Input data:
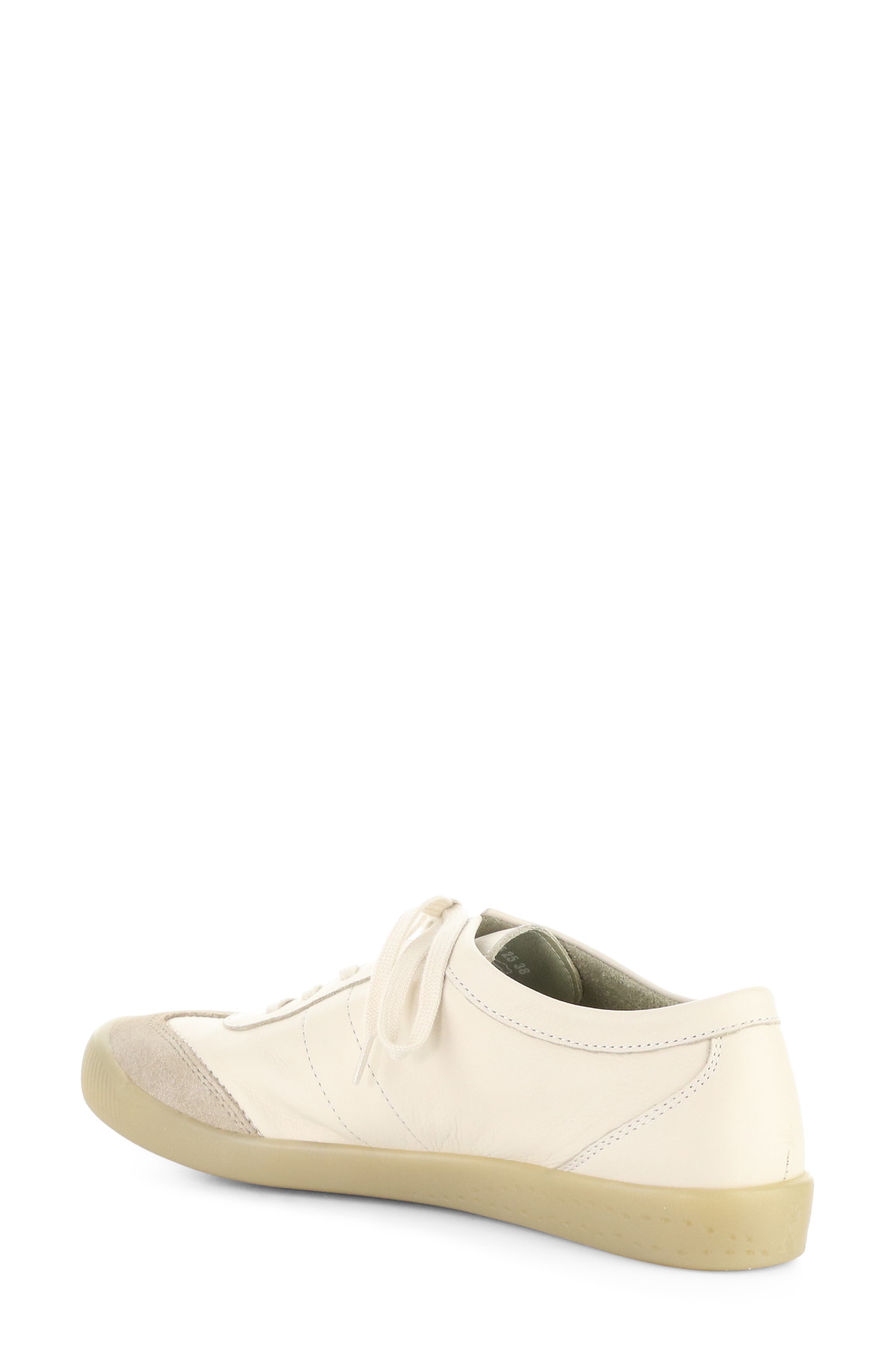 Softinos by Fly London Irie Sneaker, Alternate, color, Cream/ Sand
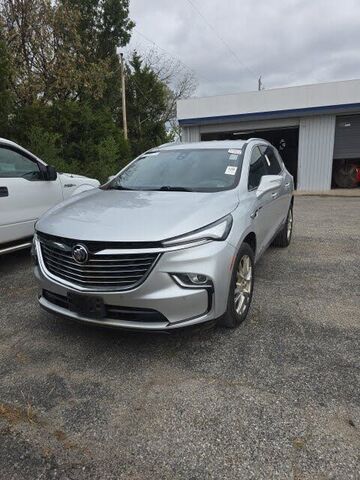2022 BUICK Enclave
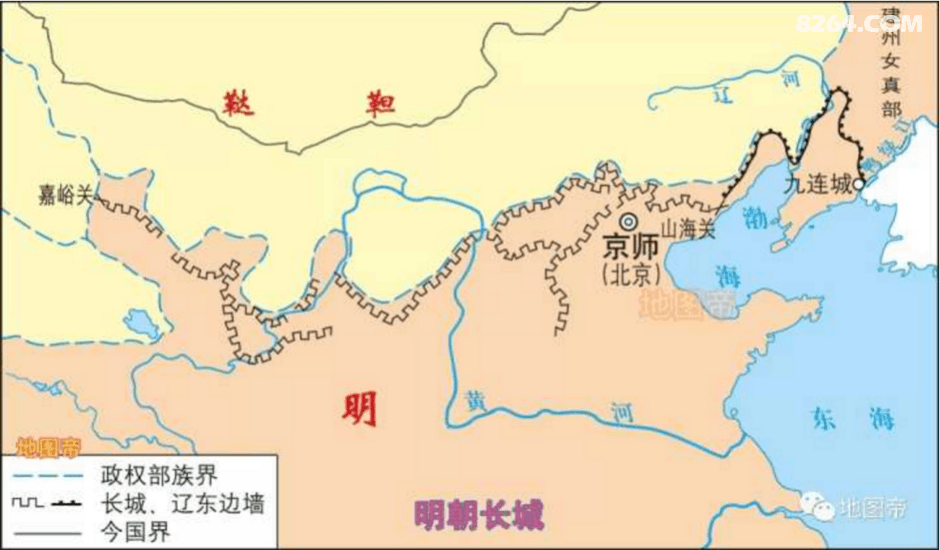 从山海关到宁海城——秦皇岛长城初探(下)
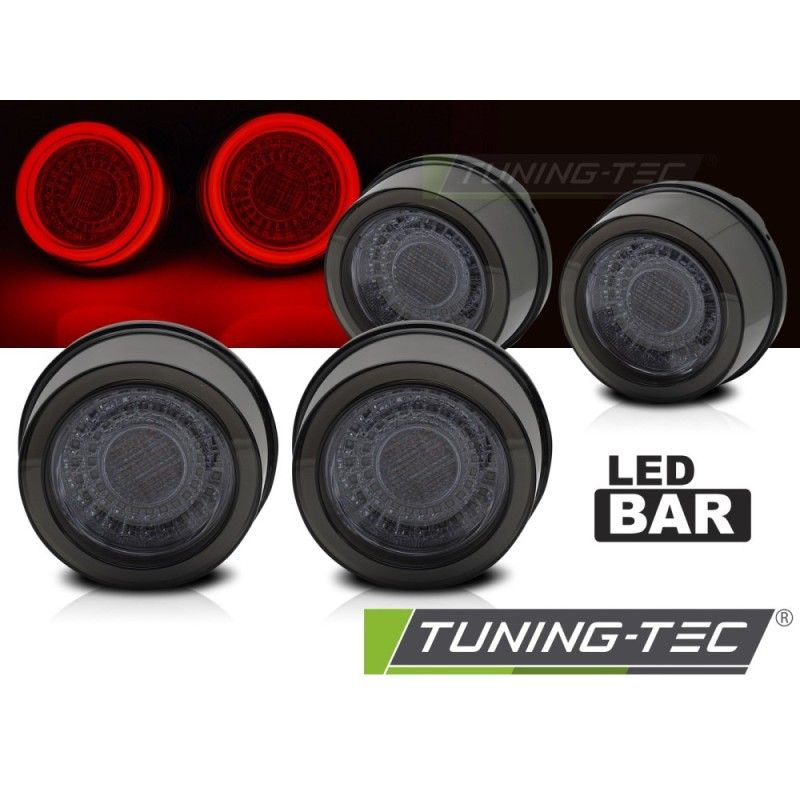 LED TAILIGHTS SMOKE fits FERRARI F355 / F360 , Nouveaux produits tuning-tec LED TAILIGHTS SMOKE fits FERRARI F355 / F360 , Nouveaux produits tuning-tec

Exercise requirements: Print the data again, word for word, without any pictures.

Answer below:
 Softinos by Fly London Irie Sneaker, Alternate, color, Cream/ Sand
2022 BUICK Enclave
 从山海关到宁海城——秦皇岛长城初探(下)
 LED TAILIGHTS SMOKE fits FERRARI F355 / F360 , Nouveaux produits tuning-tec LED TAILIGHTS SMOKE fits FERRARI F355 / F360 , Nouveaux produits tuning-tec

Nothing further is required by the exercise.